We have a certain use case in mind and I’d like to get feedback from the community.
Historically, reports had been generated by executing queries and pasting the results into Excel - error prone, time consuming, etc.
We’ve now modeled much of the query business logic and are able to replicate the same datasets and visualizations using Looker, but are trying to understand our options for scheduling / packaging the results for delivery. Looker seems to excel as an interactive tool, but the scheduling / exporting options seem limited, and it’s not always feasible to bring every data consumer into the tool as a user (board members, executives, external clients, etc.).
For a given deliverable that we are prototyping, we’ve organized all of the content into a single space, with saved Looks (~10 now, but will scale to as many as 50), and a single saved (user defined) dashboard containing all the relevant visualizations from those Looks. I was hoping that we could bulk schedule all of the contents of the space to export (CSVs for each of the Looks, PDF for the dashboard) into a single S3 folder. If I’m being greedy, my ultimate desire would be some monthly export process such that on May 1, all files (PDF and CSVs) from the associated content (dashboard and looks) in a given space end up in a zip file together that’s dated, so we can organize and archive the historic files.

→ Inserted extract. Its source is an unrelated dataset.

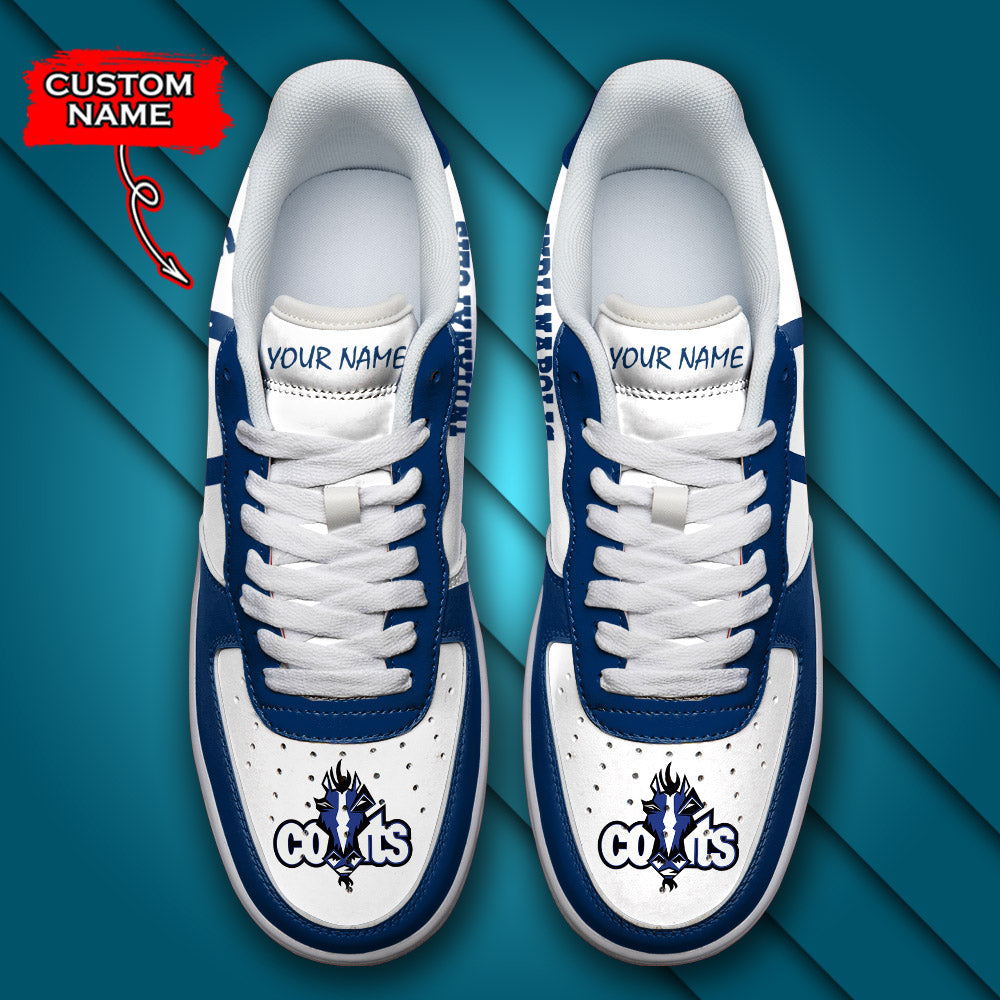 Ideafootwear Indianapolis Colts NFL Air Low-Top Sneakers Shoes For Men And Women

Two options that we’ve come up with - conceptually - both involve some scripting:
Approach 1: Dump exports to staging area, then re-organize files
- (Manually) schedule exports of the looks and the dashboard to an S3 bucket [Deliverable123 / Recent].
- Schedule a task (cron, leveraging AWS CLI etc.) to run after Step 1, which moves all files from [Deliverable123 / Recent] >> [Deliverable123 / 2017-05], zips the contents of [Deliverable123 / 2017-05] to a single file, and clears the contents of [Deliverable123 / Recent].
Besides having to write and maintain a script to do Step 2, the biggest downside of this approach is that management of individual schedules is still manual in the UI, so setting up anything new takes effort, they can be set up inconsistently, and things like changing a bucket name, etc. will be fairly tedious.
Approach 2: Manage schedules and destinations with Looker API
- Leverage the Looker API to manage schedules on a per-space basis (in pseudo-code, something like: for each look in this space, set the S3 destination = [Deliverable123 / 2017-05], set format = CSV, set require changed results = “no”, etc.). We could run the script each time we want to re-configure the destination (once a month or on demand)
- Have a manual or scripted process to organize all of the individual files from a given S3 bucket. S3 unfortunately doesn’t offer a “Download All” option from their UI, so this may still require some scripting.
Approach 2 likely scales better, and once we’ve gotten familiar with the Looker API, it may offer us the ability to re-generate a set of files after data replication issues, etc., without individual schedules. But at this point we don’t have familiarity with the API so there will certainly be a learning curve, and potentially 2 scripts to manage instead of 1.
Before we go too far down either of these paths, I wanted to hear if anybody had attempted or accomplished something similar, either through one of the methods above, or via some other method I haven’t considered.
Something else worth mentioning is - while we anticipate updates to Looker that will continue to bring LookML dashboards and User Defines Dashboards closer together - we have a similar desire to schedule exports of some LookML dashboards.